▶ Aim of the task: Find every line in the records below that holds the word "Image", and copy it out.

▶ Dataset content:
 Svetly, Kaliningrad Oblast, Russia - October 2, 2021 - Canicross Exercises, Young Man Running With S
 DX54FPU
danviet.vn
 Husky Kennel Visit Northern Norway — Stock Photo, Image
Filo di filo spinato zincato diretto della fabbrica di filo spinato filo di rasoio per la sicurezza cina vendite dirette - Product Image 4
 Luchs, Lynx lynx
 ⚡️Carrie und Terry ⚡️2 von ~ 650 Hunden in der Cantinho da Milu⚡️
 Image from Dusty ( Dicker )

---

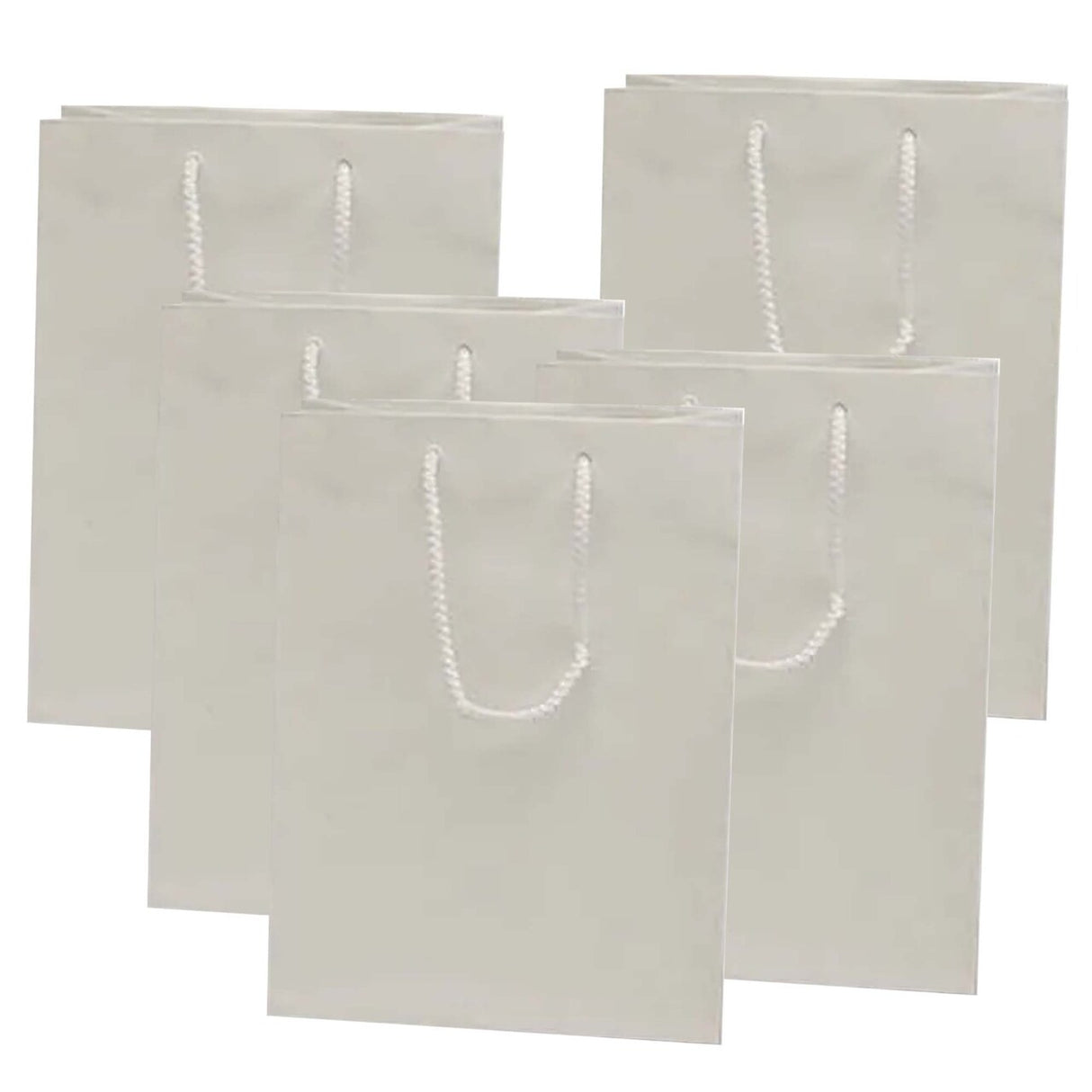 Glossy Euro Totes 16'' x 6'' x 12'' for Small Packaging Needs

* * *

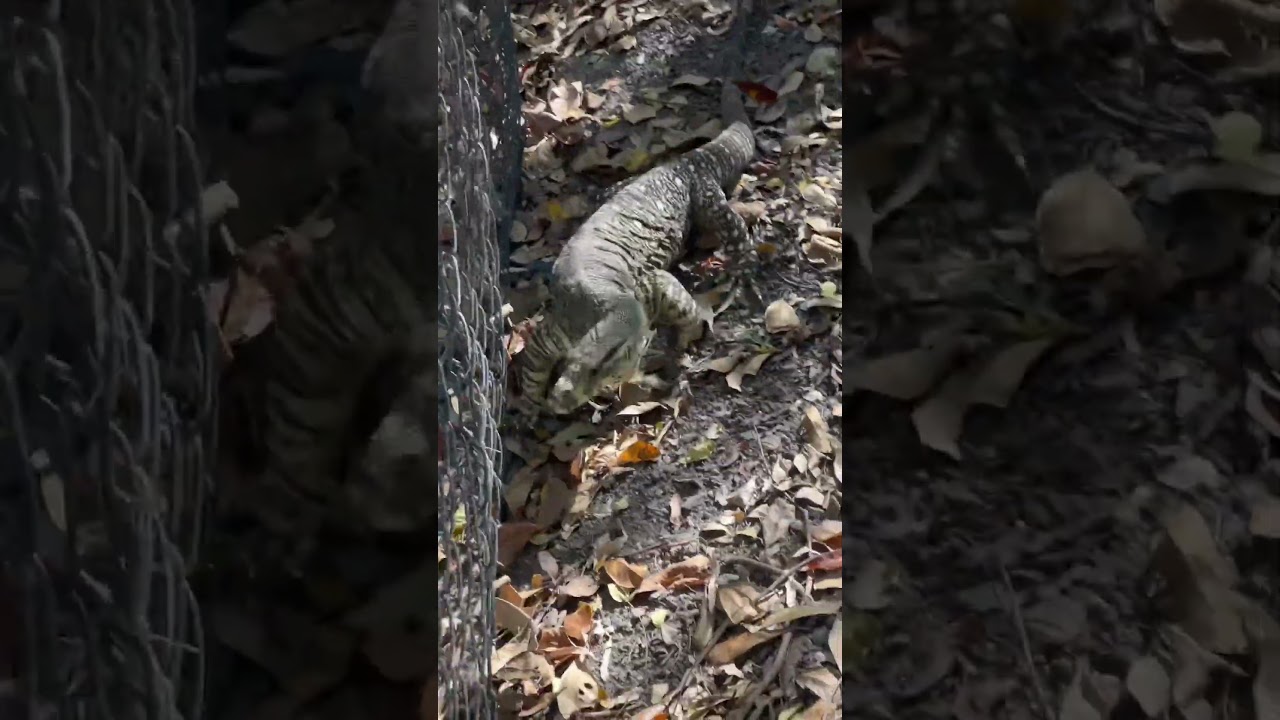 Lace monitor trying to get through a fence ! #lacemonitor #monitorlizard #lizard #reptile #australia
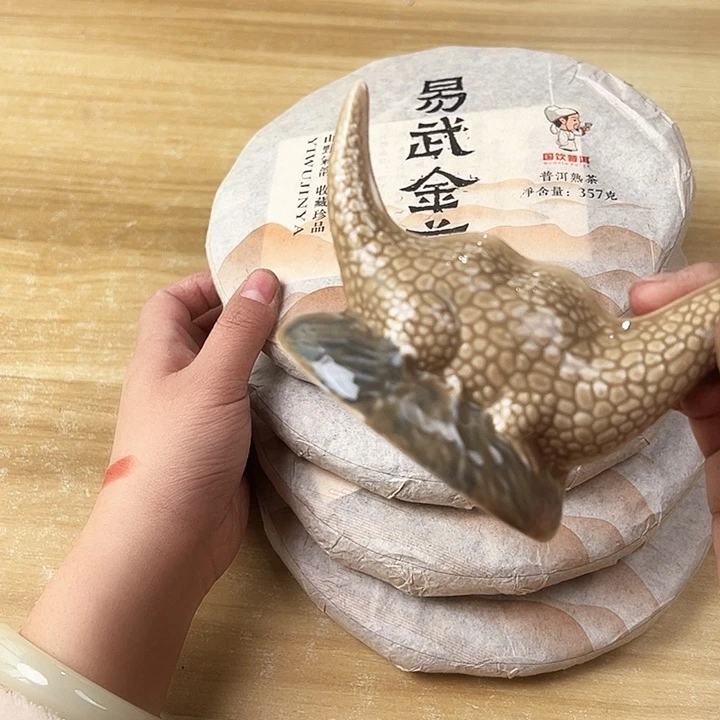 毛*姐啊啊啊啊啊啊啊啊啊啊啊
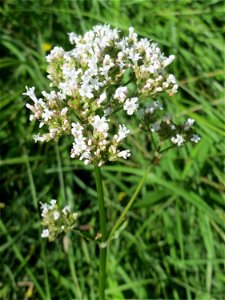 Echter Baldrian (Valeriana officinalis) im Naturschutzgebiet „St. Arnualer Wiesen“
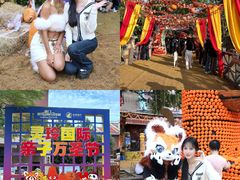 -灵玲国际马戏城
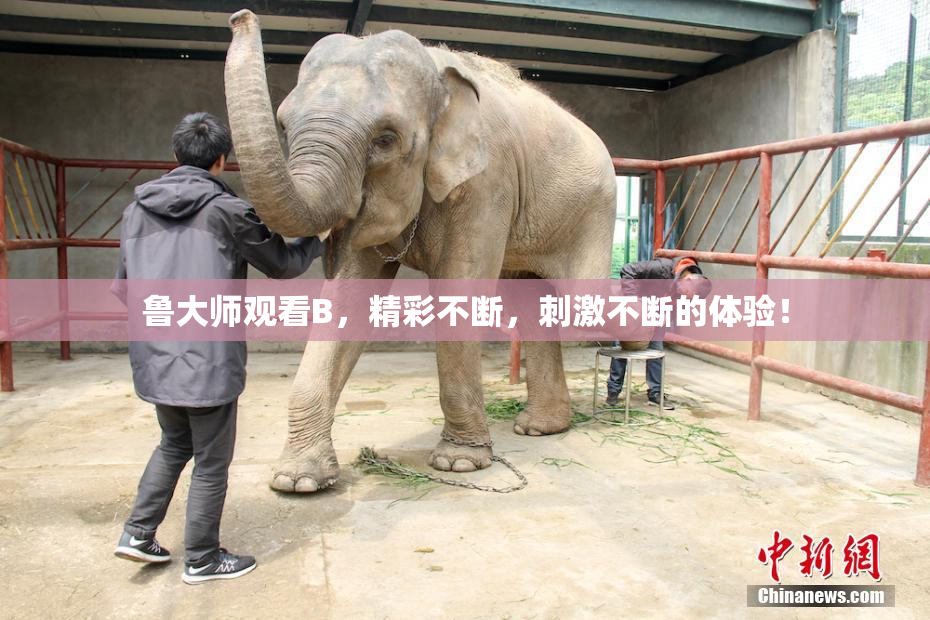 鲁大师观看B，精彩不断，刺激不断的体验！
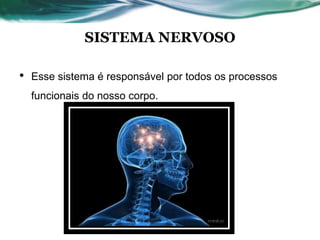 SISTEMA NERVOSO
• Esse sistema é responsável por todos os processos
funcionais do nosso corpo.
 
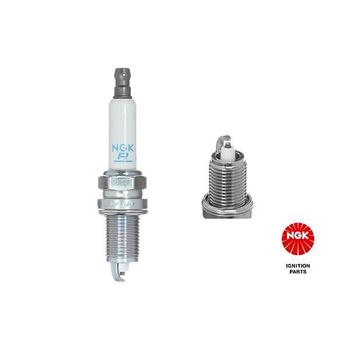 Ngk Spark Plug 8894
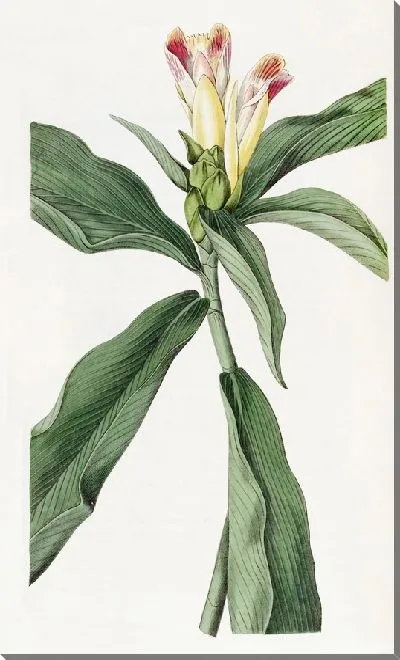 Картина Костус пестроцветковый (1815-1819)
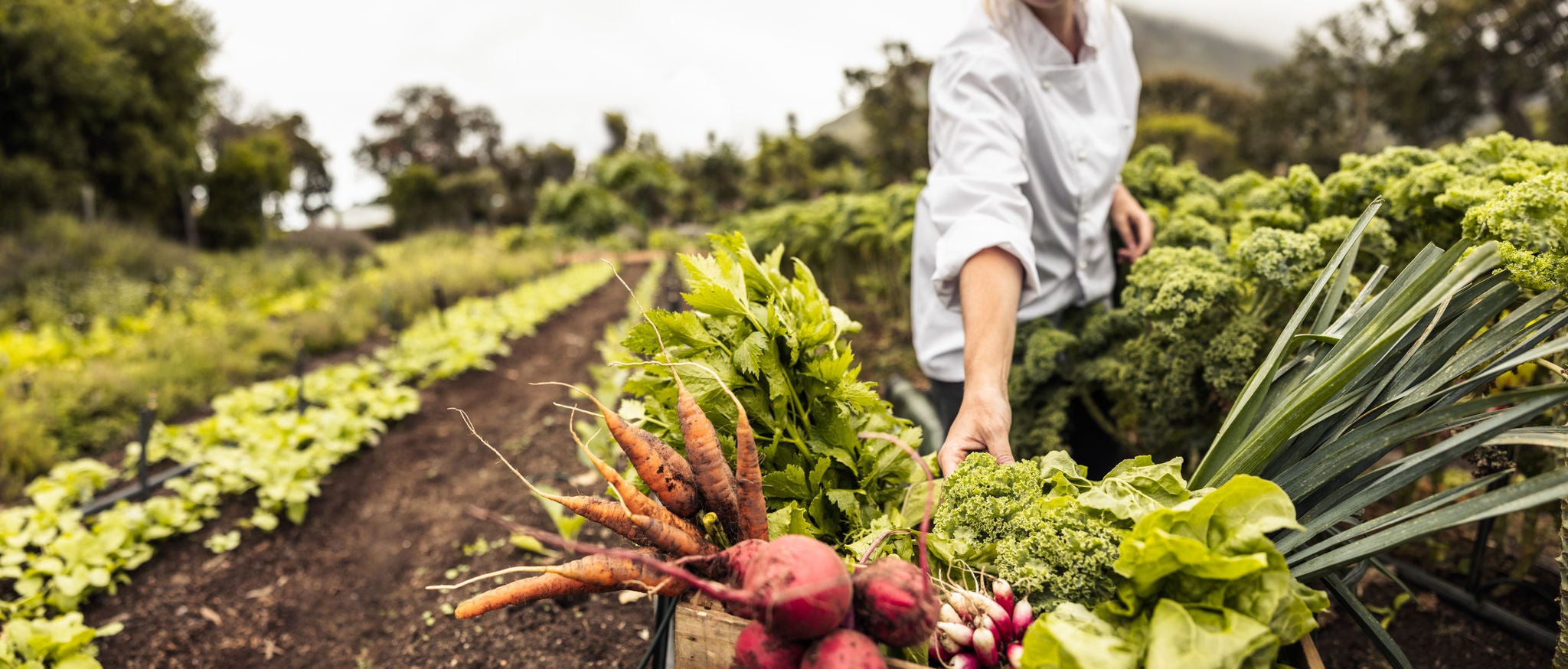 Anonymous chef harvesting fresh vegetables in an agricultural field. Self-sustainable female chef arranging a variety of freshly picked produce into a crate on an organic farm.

▶ Task answer:
 Husky Kennel Visit Northern Norway — Stock Photo, Image
Filo di filo spinato zincato diretto della fabbrica di filo spinato filo di rasoio per la sicurezza cina vendite dirette - Product Image 4
 Image from Dusty ( Dicker )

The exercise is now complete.